RNG-based models

15 July 13. [link] PDF version

Part of a series of posts that started here

Next time: the big denouement, where we finally get to agent-based models. But first, one more twist on the standard model form.

Say that nobody ever worked out a Central Limit Theorem. We are confident that if we sum a thousand zero-one coin flips, we would get some sort of consistent distribution. Maybe we can say that the expected value of the total will pretty certainly be around 500, but we aren't sure of anything beyond that.

You could write an RNG to simulate the scenario pretty easily (I'll have an example below). A good random number generator makes draws proportional to the likelihood function that it is making draws from, which means that there is a one-to-one mapping between RNGs and likelihoods.

You saw the model objects discussed earlier, and the nice feature that if you define one element, the others could be derived: given a likelihood function, we can write a maximum likelihood search function to do the search; given an RNG or a likelihood, we can calculate the CDF; given the CDF, we can go back to the likelihood.

This entry will be about developing an estimation routine given an RNG. It is a very nontrivial problem, but then, so is the problem of finding a maximum likelihood estimate given a likelihood. For that problem, there are several options (all of which you can tweak in Apophenia by adding an apop_mle_settings group to your model):

• You could use gradient descent methods, like conjugate gradients or Newton's method. For a quadratic function, these find the optimum in one (1) step. They are effective to the extent that the function you are optimizing can be approximated by a quadratic function. These methods require a derivative (though if your model doesn't explicitly include one, the apop_mle function calculates them via numeric gradients).

• Use the Nelder-Mead Simplex algorithm. This sets a proposed boundary around the optimum and moves one corner of the boundary at every iteration. Sometimes the border walks like an amœba, and when it approaches convergence, it shrinks down toward the optimum. This method requires no derivatives, and doesn't have any smooth concavity conditions. I've found that it can sometimes get stuck, though.

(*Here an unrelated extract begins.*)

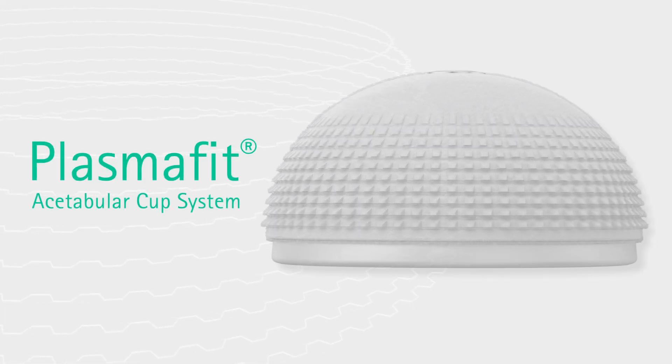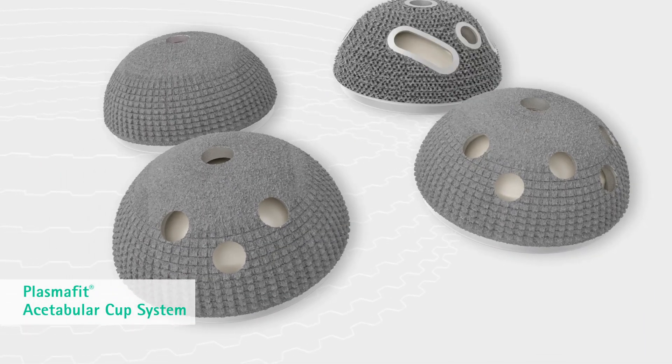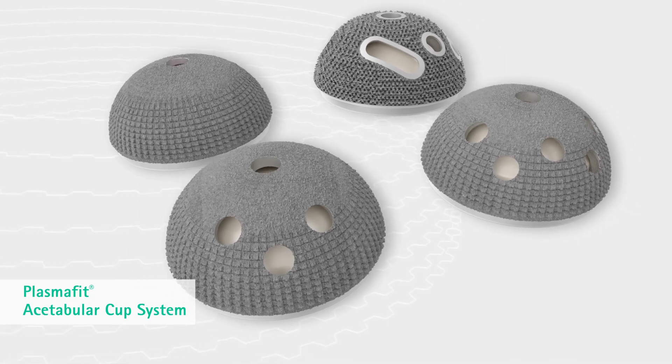PlasmaFit Acetabular Cup System. The Esculap PlasmaFit family reflects a comprehensive solution for total hip joint replacement: poly, plus and revision.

• Use simulated annealing. This method does a sequence of random jumps—it is a variant of the Metropolis-Hastings algorithm. The jumps gets gradually smaller, so if there are multiple local optima, the search may jump between the hills around each early on in the pattern, but then it will eventually make small enough jumps that it stays on only one hill and climbs its way to the top. It can be shown that, given infinite time, it finds the global optimum with probability one.

• Use an EM-style search. Come up with a starting value for all $N$ dimensions of the parameter vector being searched. Fix dimensions $2, …, N$ at the starting values, then do a one-dimensional search of the first dimension, using any of the above methods. Then fix the first dimension at that point, and do a search of the optimum for the second dimension. Repeat, cycling through the dimensions, until convergence.

• Tweak the settings: what's the starting point? What's the tolerance before we accept that convergence has occurred? The initial step size? For simulated annealing, what's the cooling schedule? For an EM-style search, what is the overall tolerance?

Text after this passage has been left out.